> Goal of the exercise: Among the entries that follow, locate the line with "Photo of property" and the line with "RADON ZONE PLUS". Output those lines and all lines in between, exactly, minus the pictures.
+++ Provided entries
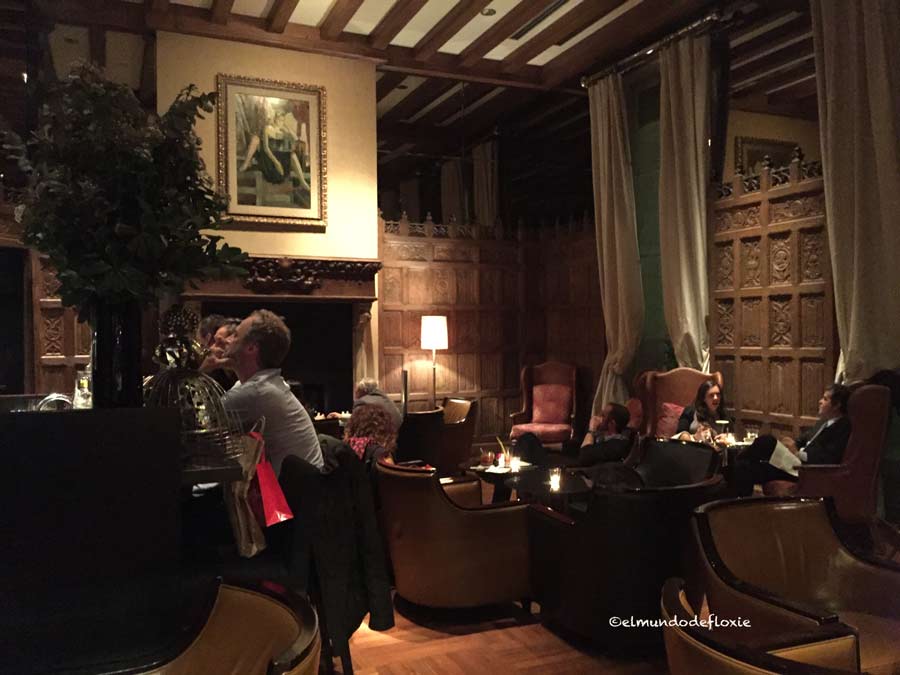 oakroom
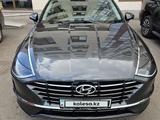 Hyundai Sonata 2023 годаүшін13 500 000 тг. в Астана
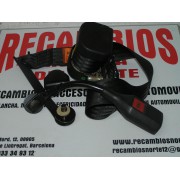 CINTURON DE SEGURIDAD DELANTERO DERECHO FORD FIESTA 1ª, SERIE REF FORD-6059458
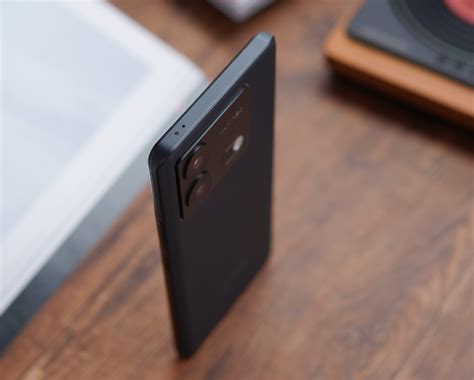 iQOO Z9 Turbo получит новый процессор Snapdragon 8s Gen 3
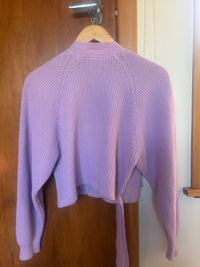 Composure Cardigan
++++++
+++ Provided entries
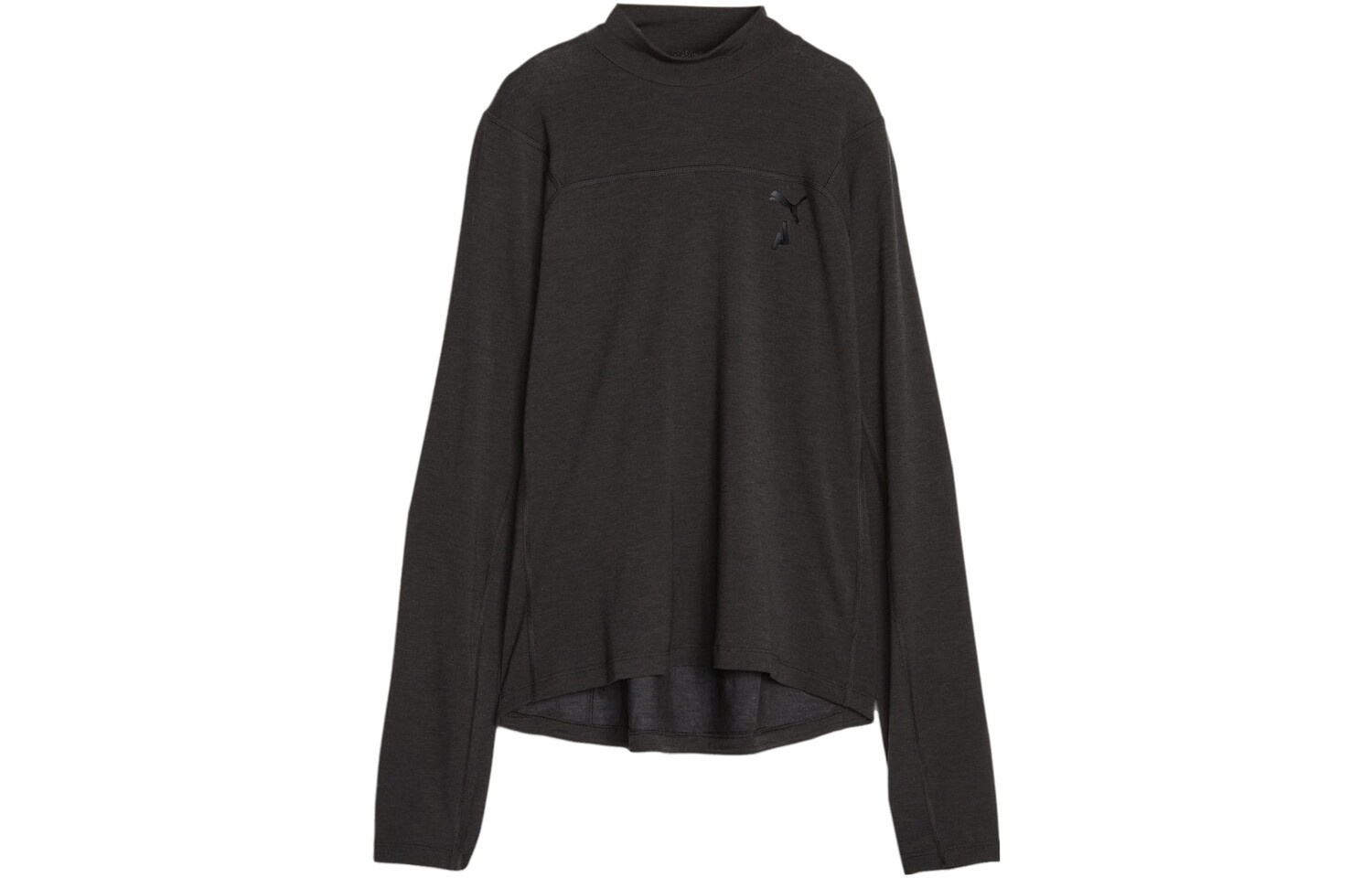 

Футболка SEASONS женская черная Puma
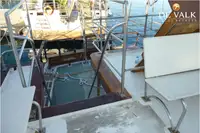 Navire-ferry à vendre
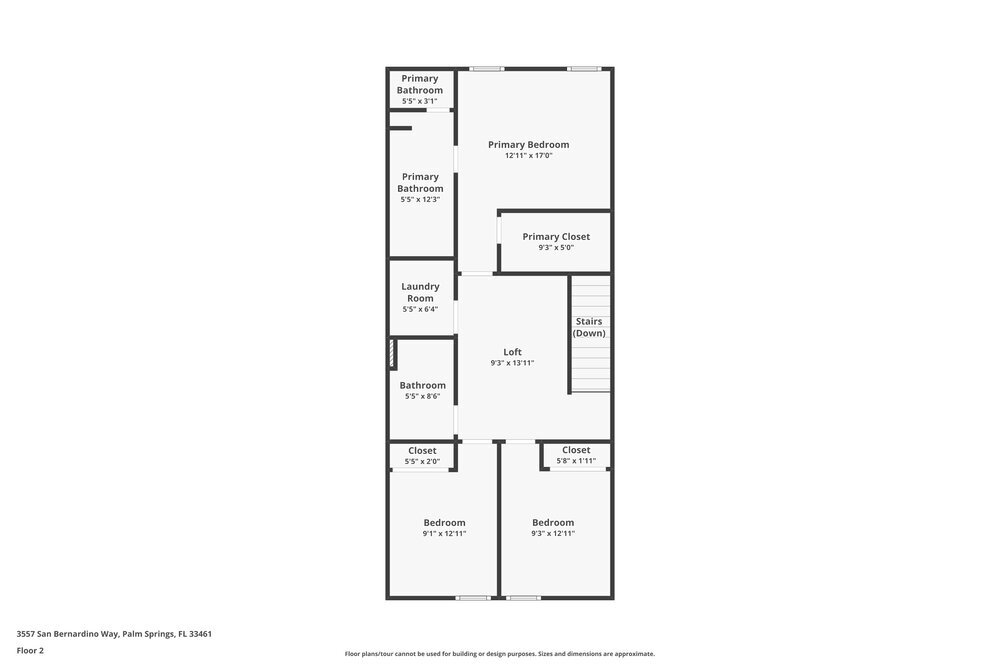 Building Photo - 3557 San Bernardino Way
++++++
+++ Provided entries
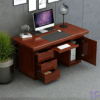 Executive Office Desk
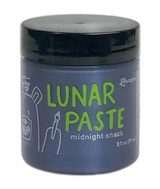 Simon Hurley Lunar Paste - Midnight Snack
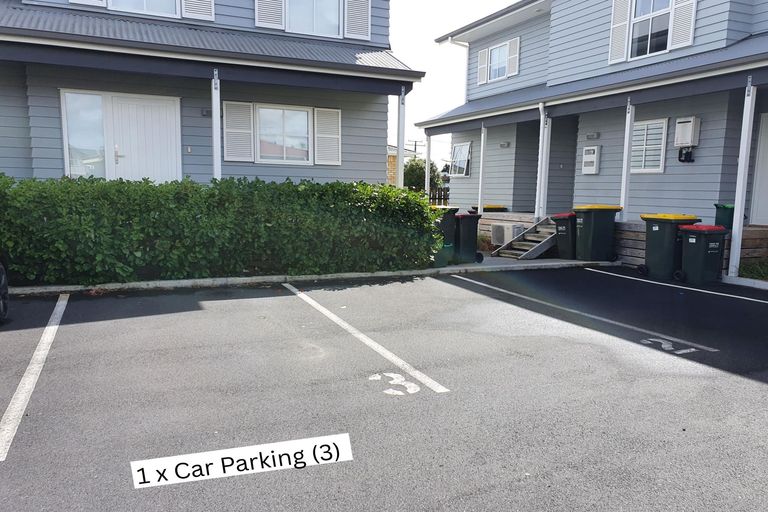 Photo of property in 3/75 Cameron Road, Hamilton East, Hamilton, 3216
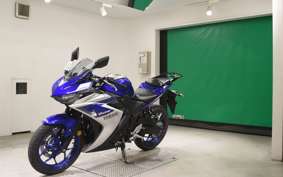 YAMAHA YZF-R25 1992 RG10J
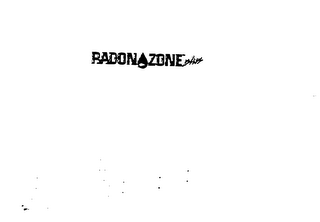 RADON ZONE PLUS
++++++
> Solution:
 Photo of property in 3/75 Cameron Road, Hamilton East, Hamilton, 3216
 YAMAHA YZF-R25 1992 RG10J
 RADON ZONE PLUS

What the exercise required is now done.